As to Boskin's case I will defer comment until I read his whole paper.

Posted by: Jim Glass on July 3, 2003 11:40 PM

The ratio 7.5 to 5.3 is sufficiently close to 70%, and 70% is sufficiently close to 1 minus the marginal rate of tax on investments to make me think that what we are actually seeing here is the fact that the government doesn't pay tax; Boskin is assuming that the stock market has a post-tax rate of return, but is using a pre-tax discount rate to discount the cashflows. Which strikes me as potentially the right thing to do.

Boskin's discussion of the discount rate starts on page 88 of the working paper linked on this site earlier; I haven't time to read it for conclusions, but it looks at first glance as if he's certainly considered these issues.

Posted by: dsquared on July 4, 2003 01:52 AM

I'm not familiar with pension accounting and taxes, so it's hard for me to see exactly what's happening here, but it does seem odd.

To simplify, suppose GM had just issued the 7.5% bonds directly to the pension fund. Then are we saying that GM would pay the 7.5%, record it as a deductible expense, and then turn around and record it as non-taxable income, making a magical 2.5%?

If so, why doesn't everybody do this?

And by the way, why is the coupon rate on the bonds the correct number to use in calculating GM's cost? And doesn't all this tell us that GM is a lousy investment, since they have no better use of cash?

Did I just answer my own question?

Posted by: Bernard Yomtov on July 4, 2003 02:01 PM

"I'm not familiar with pension accounting and taxes ... To simplify, suppose GM had just issued the 7.5% bonds directly to the pension fund..."

Can't do that. Illegal.
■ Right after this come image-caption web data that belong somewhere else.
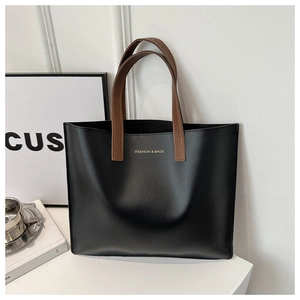 Detail view of black matte tote bag with contrast brown handles and gold logo text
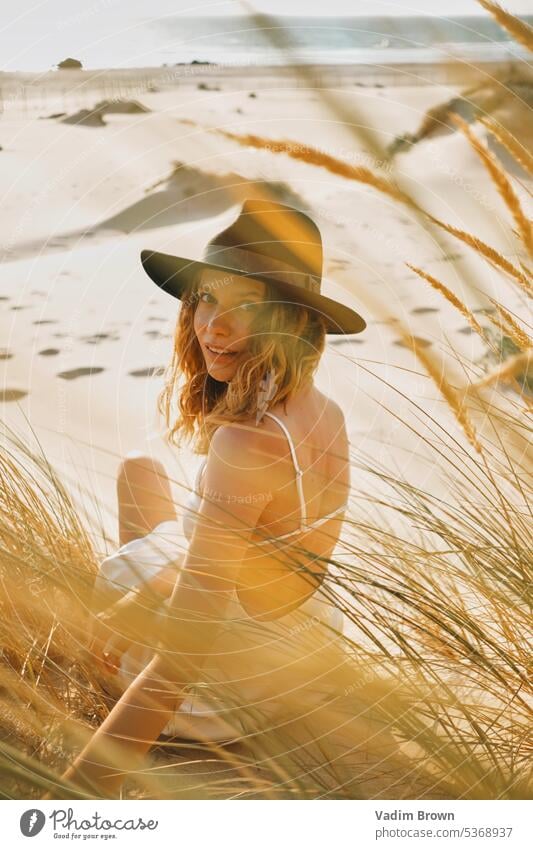 portrait of a woman in the hat beach girl sea summer vacation water beauty sun travel people ocean body sand leisure holiday fashion tropical lifestyle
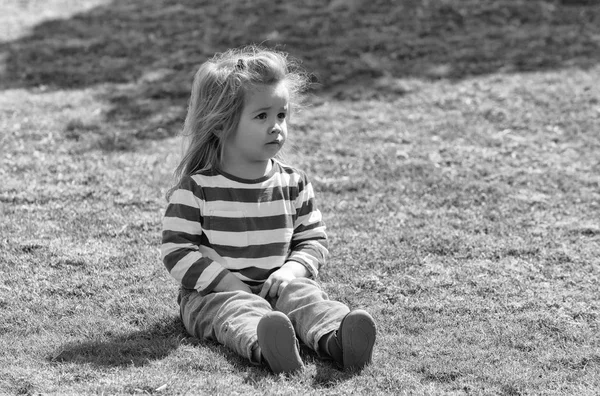 Aranyos kisfiú ül a zöld gyep a parkban — Stock Fotó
If GM then defaulted on its bonds its retirees would be screwed. Your own IOU is not real savings and is not real security for a debt you owe. (see "Social Security Trust Fund".)

GM must deposit cash out-of-pocket in the pension fund, which the fund will invest. GM can borrow to get the cash, but then if it defaults on its debt GM's shareholders and current workers get screwed, rather than its retirees.

"Then are we saying that GM would pay the 7.5%, record it as a deductible expense, and then turn around and record it as non-taxable income, making a magical 2.5%?"

It works like this: GM borrows at 7.5%. The interest is deductible so the after-tax cost is 5% (taking Sloan's numbers). GM then contributes the borrowed funds to the pension plan trust. The trust invests them in whatever to get, let's say for illustrative sake the exact same 7.5%. This income is tax-free to the trust. (And it is also beyond GM's reach. GM is not paying this money to itself.)

Now, GM is required by law to make contributions to the pension plan each year to keep the trust funded at a certain actuarial level. These contributions reduce GM's earnings just like any other operating expense.

By borrowing to finance a contribution GM gets the benefit of tax arbitrage. For each dollar borrowed, next year (a) it will pay 5 cents interest cost after tax, but (b) the pension plan's assets will go up by 7.5 cents, reducing GM's need to make a contribution to the plan by that much -- thus saving it 2.5 cents of expense, and increasing its bottom-line earnings by that much. Moreover, the 5% is simple interest but the 7.5% compounds, so the boost to GM's bottom line increases each year.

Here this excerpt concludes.